Here's an example using the FontAwesome6 library which among other things can create ImageSources from FontAwesome icons using the ImageAwesome
class. Here I'm assigning to a StatusbarControl
and it's StatusIcons
at the control level.
private void BtnToggleIcons_OnChecked(object sender, RoutedEventArgs e)
{
ToggleState = !ToggleState;
if (ToggleState)
{
ActiveIconSet = "Custom Images: Font Awesome 6";
// You can override the control or StatusbarHelper icons
// Create and assign a NEW icon set so we don't overwrite default icons
var icons = new StatusIcons();
Statusbar.Status.StatusIcons = icons;
// if you want to retain existing icons assign them
// icons.DefaultIcon = StatusIcons.Default.DefaultIcon
// create new custom icons for the error icon from FontAwesome6 icons
var image = new ImageAwesome()
{
PrimaryColor = Brushes.Green,
Height = 15,
Icon = EFontAwesomeIcon.Solid_House
};
icons.DefaultIcon = image.Source;
image = new ImageAwesome()
{
PrimaryColor = Brushes.ForestGreen,
Height = 15,
Icon = EFontAwesomeIcon.Solid_SquareCheck
};
icons.SuccessIcon = image.Source;
// create a custom icon for the error icon from FontAwesome6 icons
image = new ImageAwesome()
{
PrimaryColor = Brushes.DarkGoldenrod,
Height = 15,
Icon = EFontAwesomeIcon.Solid_CircleRadiation
};
icons.WarningIcon = image.Source;
image = new ImageAwesome()
{
PrimaryColor = Brushes.Firebrick,
Height = 15,
Icon = EFontAwesomeIcon.Solid_CircleExclamation
};
icons.ErrorIcon = image.Source;
image = new ImageAwesome()
{
PrimaryColor = Brushes.SteelBlue,
Height = 15,
Icon = EFontAwesomeIcon.Solid_Spinner
};
icons.ProgressIcon = image.Source;
}
else
{
ActiveIconSet = "Default Xaml Icons";
// using the Statusbar control
Statusbar.Status.StatusIcons = StatusIcons.Default;
// using the Statusbar Helper
// StatusHelper.StatusIcons = icons;
}
btnToggleIcons.Content = ActiveIconSet;
Statusbar.Status.SetStatusIcon();
// Alternately you can also override the StatusIcon.Default icons
// and have them overridden anywhere the default icons are used
// as a 'global' icon override:
//
// StatusbarIcons.DefaultIcon = image.Source; // overrides anywhere the default is used
}
Each of the control and helper ShowStatusXXX()
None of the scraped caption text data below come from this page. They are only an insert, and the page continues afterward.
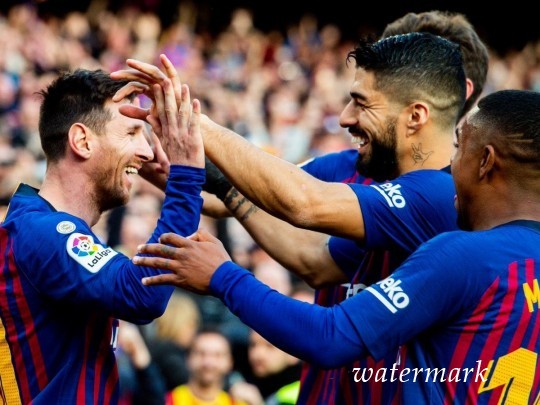 «Дубль» Месси принес «Барселоне» победу в каталонском дерби: видеообзор матча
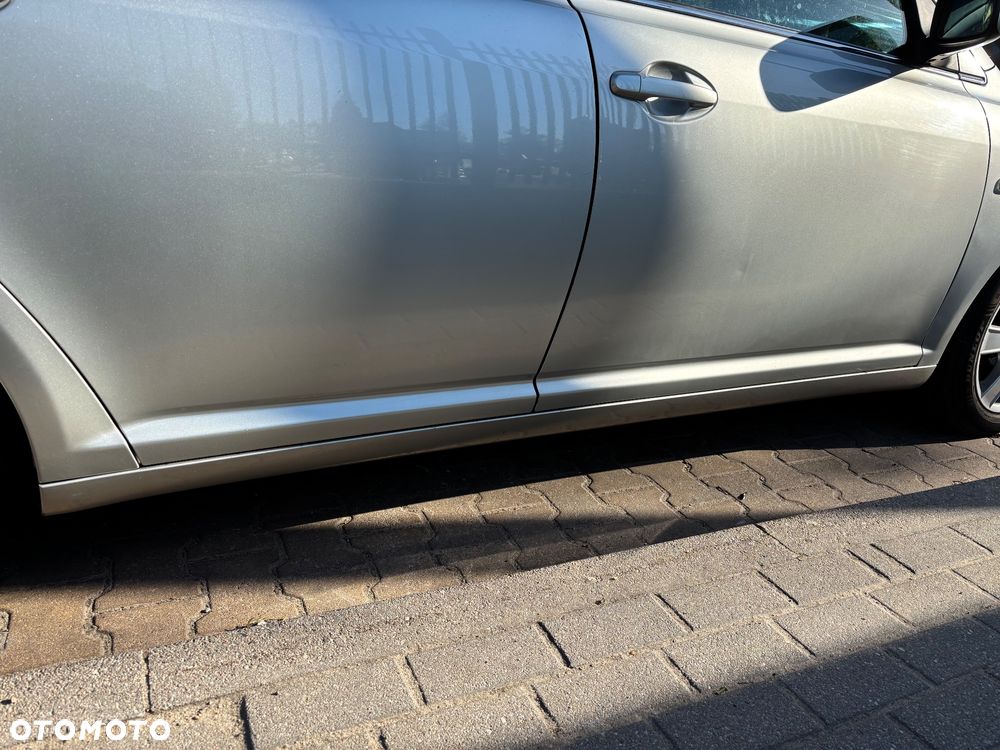 Toyota Avensis 1.8 VVT-i Combi - 24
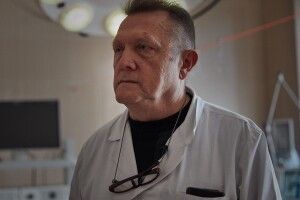 Хірург провів під обстрілами понад 380 операцій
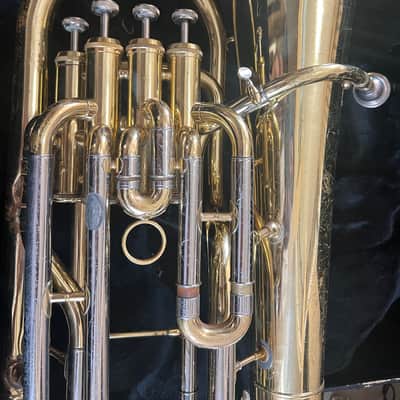 Jupiter JEP470 Euphonium, 4  piston,  Gold with case and  mouthpiece image 3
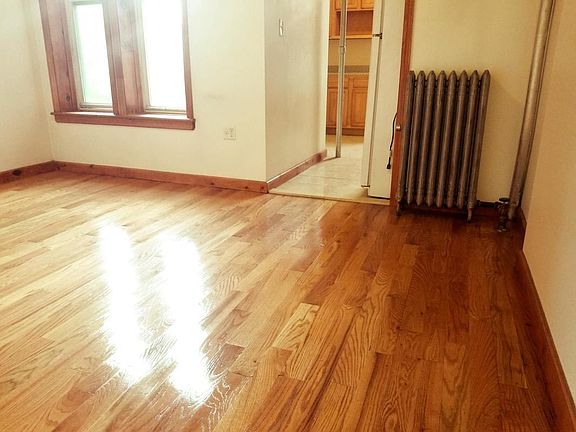 5th image of 487 Prospect Pl APT 1L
methods have a parameter override that let you specify an imageSource
parameter that effectively lets you use any icon you want for just a single call.
private async void BtnRaw_OnClick(object sender, RoutedEventArgs e)
{
var image = new ImageAwesome()
{
PrimaryColor = Brushes.SteelBlue,
Height = 15,
Icon = EFontAwesomeIcon.Solid_Spinner
};
// Use the custom ImageAwesome source
Statusbar.Status.ShowStatusProgress("Custom icon spinner (from FontAwesome)",
imageSource: image.Source, spin: true);
}
This library is published under MIT license terms.
Copyright © 2023 Rick Strahl, West Wind Technologies
Permission is hereby granted, free of charge, to any person obtaining a copy of this software and associated documentation files (the "Software"), to deal in the Software without restriction, including without limitation the rights to use, copy, modify, merge, publish, distribute, sublicense, and/or sell copies of the Software, and to permit persons to whom the Software is furnished to do so, subject to the following conditions:
The above copyright notice and this permission notice shall be included in all copies or substantial portions of the Software.
THE SOFTWARE IS PROVIDED "AS IS", WITHOUT WARRANTY OF ANY KIND, EXPRESS OR IMPLIED, INCLUDING BUT NOT LIMITED TO THE WARRANTIES OF MERCHANTABILITY, FITNESS FOR A PARTICULAR PURPOSE AND NONINFRINGEMENT. IN NO EVENT SHALL THE AUTHORS OR COPYRIGHT HOLDERS BE LIABLE FOR ANY CLAIM, DAMAGES OR OTHER LIABILITY, WHETHER IN AN ACTION OF CONTRACT, TORT OR OTHERWISE, ARISING FROM, OUT OF OR IN CONNECTION WITH THE SOFTWARE OR THE USE OR OTHER DEALINGS IN THE SOFTWARE.